Depuis son séjour à l’hôtel Pasteur de Rennes en 2016, le bestiaire du collectif s’est agrandi. Les six créatures à pattes patinées, ailes mécanisées et corps vernis découvertes dans l’ancienne faculté des sciences ont été rejointes par huit nouvelles espèces. « Le monde des insectes est un monde souterrain. Ils vivent pour la plupart dans des galeries, en sous-sol », introduit l’artiste Mathieu Desailly. C’est ainsi qu’a été pensée la scénographie de l’exposition Anima(ex)musica, en écho à la vie qui existe sous nos pieds.

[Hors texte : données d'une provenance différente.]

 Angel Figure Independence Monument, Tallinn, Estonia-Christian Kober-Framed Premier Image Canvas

Après avoir lu les principales informations et passé le sas d’entrée, le public entrera dans un univers mélodieux étrange aux allures d’alvéole d’abeilles. Tout reste à faire souhaite laisser parler l’imagination de ceux et celles qui franchissent le seuil d’entrée. Plongé dans la demi-obscurité, bercé par un son changeant, le public est invité à rencontrer ces petites bêtes que nous côtoyons sans vraiment les apercevoir. Leur taille l’absorbe dans l’univers surdimensionné d’un monde qui est originellement infiniment petit. Pour une fois, face à ces bestioles, nous redevenons petits, « voire un peu candides ».

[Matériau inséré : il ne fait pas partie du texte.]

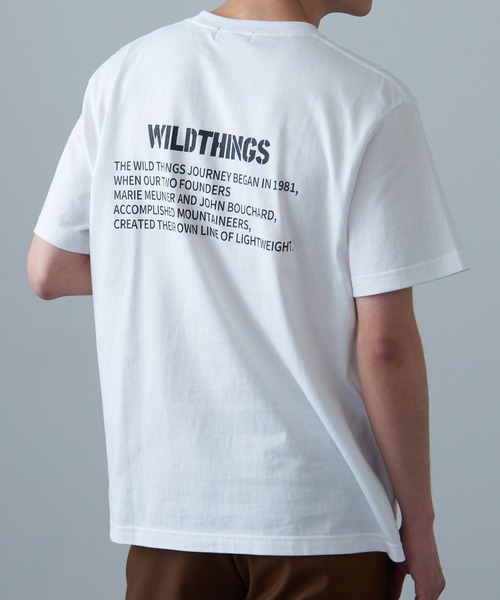 WILD THINGS(ワイルドシングス)の「【WILD THINGS】≪別注≫ステンシルバックプリントTee(Tシャツ/カットソー・メンズ・ホワイト/ブラック・L/XL/M)」の9枚目の写真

Les sens en éveil, le public est accueilli par une araignée construite à partir de six instruments – une mandoline, un ukulélé, des étouffoirs de piano pour les mandibules et les articulations, le haut d’un cordier de guitare pour les yeux, des pieds de synthétiseurs pour les pieds et des pistons de trompettes pour les extrémités. Récupérés dans les conservatoires de musique, auprès des particuliers ou sur Le Bon Coin, les instruments inutilisables deviennent la matière première de créations tant mystérieuses que poétiques, légèrement mécanisées, à l’instar de cette aranéide. La créature à huit pattes se meut lentement, de haut en bas, et nous plonge dans cette aventure au cœur d’une ruche.
L’histoire a commencé il y a dix ans. Le plasticien et graphiste Mathieu Desailly, créateur de chimères, empruntait déjà aux mondes mécanique et instrumental avant de se rapprocher du scénographe et constructeur Vincent Gadras. Le premier pense et dessine l’objet en partant d’instruments défraîchis, le second apporte ses compétences techniques. Il trouve le moyen d’assembler les matériaux ensemble afin de construire la bête dont la fabrication nécessite parfois jusqu’à 17 instruments. « L’idée n’est pas de créer des automates, mais plutôt de redonner vie à des instruments et de créer un trouble en faisant bouger quelques éléments », renseigne Mathieu. « L’autre trouble vient de l’aspect sonore. »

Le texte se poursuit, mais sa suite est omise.